Ao aprofundar as investigações sobre o desembargador Marcos Pinto da Cruz, a PGR apontou que o suposto esquema proposto pelo magistrado a Witzel e Pastor Everaldo já estava em funcionamento, ao menos, desde 2018 e teria contado com suposta atuação do ex-presidente do Tribunal Regional do Trabalho, desembargador Fernando Antonio Zorzenon da Silva. Os magistrados não foram denunciados.

Saúde

As investigações miram um ato editado por Antonio Zorzenon em dezembro de 2018 em favor da Atrio Rio Service Tecnologia e Serviços, empresa que atua no mercado de saúde e ligada ao empresário Mário Peixoto, preso pela Lava Jato por integrar ‘esquema complexo de uma rede de corrupção’ no setor da Saúde no Rio desde 2012.

A empresa também era defendida no processo pelo escritório da irmã do desembargador Marcos Pinto da Cruz, a mesma que, segundo Edmar Santos, seria escalada para atuar no repasse de propinas no esquema proposto a Witzel.

Extratos bancários da Átrio Rio Service identificaram quatro pagamentos, feitos entre junho de 2018 a janeiro de 2019, ao escritório de advocacia da irmã do desembargador Marcos Pinto da Cruz.
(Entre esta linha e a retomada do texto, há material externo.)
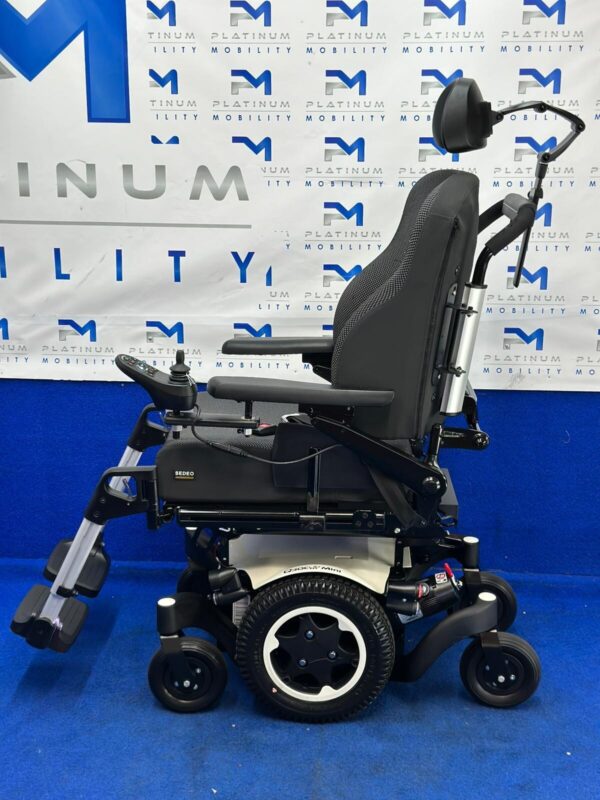 Quickie Q300M Mini MWD 6mph Powerchair - Electric Rise and Tilt - Image 8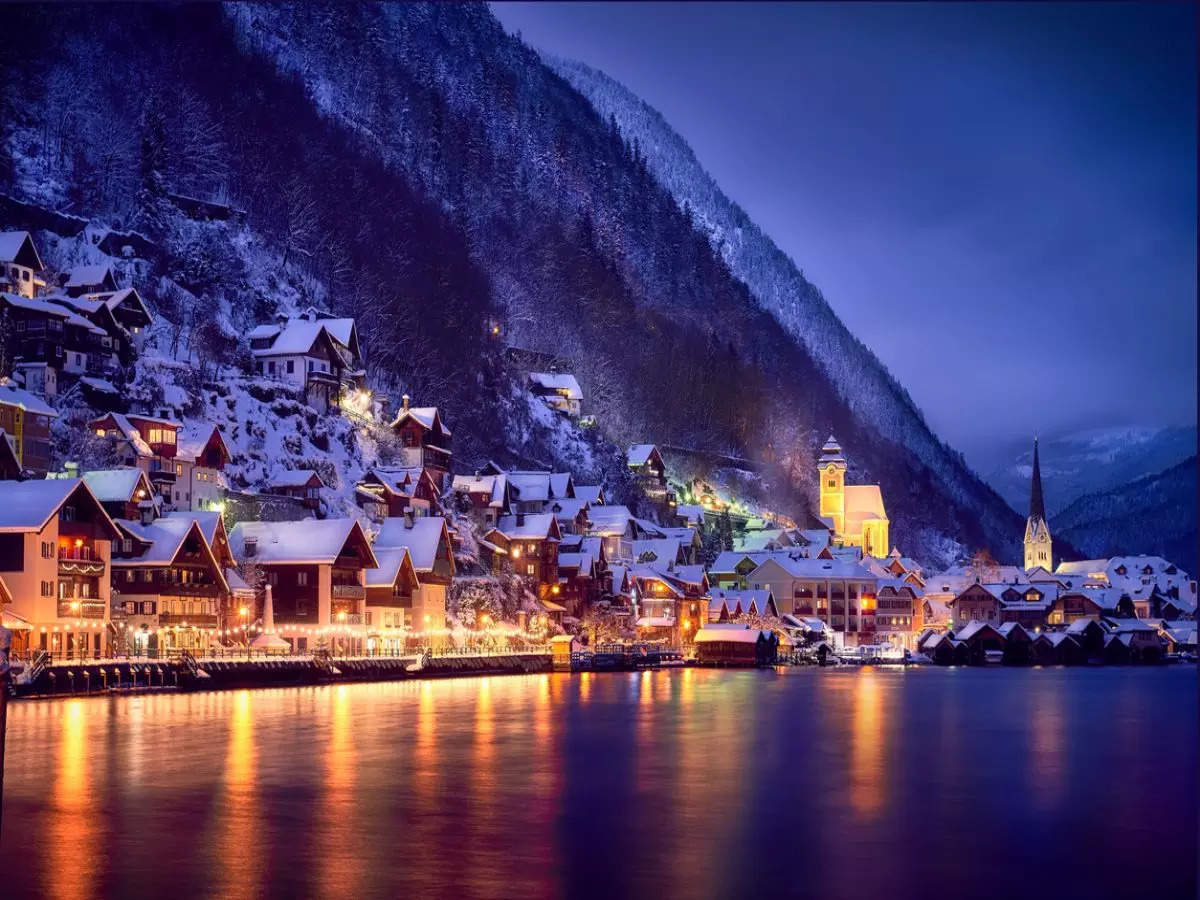 Mass tourism hits Hallstatt in Austria; locals protest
Os pagamentos coincidem com decisão favorável do presidente do TRT à empresa ligada a Mário Peixoto.

A PGR reforça a suspeita ao apontar que, entre novembro de 2018 e maio de 2019, o desembargador Marcos Pinto da Cruz recebeu ‘grande fluxo de recursos’ transferidos da conta de sua irmã, ‘denotando ser o real destinatário dos recursos provenientes da Atrio Rio Service’.

“No mesmo período, Marcos Pinto da Cruz fez saques em espécie no montante de R$ 675 mil, tendo dado, após ser questionado pelos funcionários do banco em que mantém sua conta, a pífia desculpa de que pretendia guardar recursos em sua residência”, aponta a PGR. “Para justificar as transações financeiras atípicas, Marcos omitiu o fato de ser desembargador do Trabalho, pessoa politicamente exposta, afirmando ser advogado e que seus recursos provém, principalmente, de suas atividades jurídicas”.

A reportagem entrou em contato com o Tribunal Regional do Trabalho da 1ª Região e não obteve retorno até a publicação da matéria.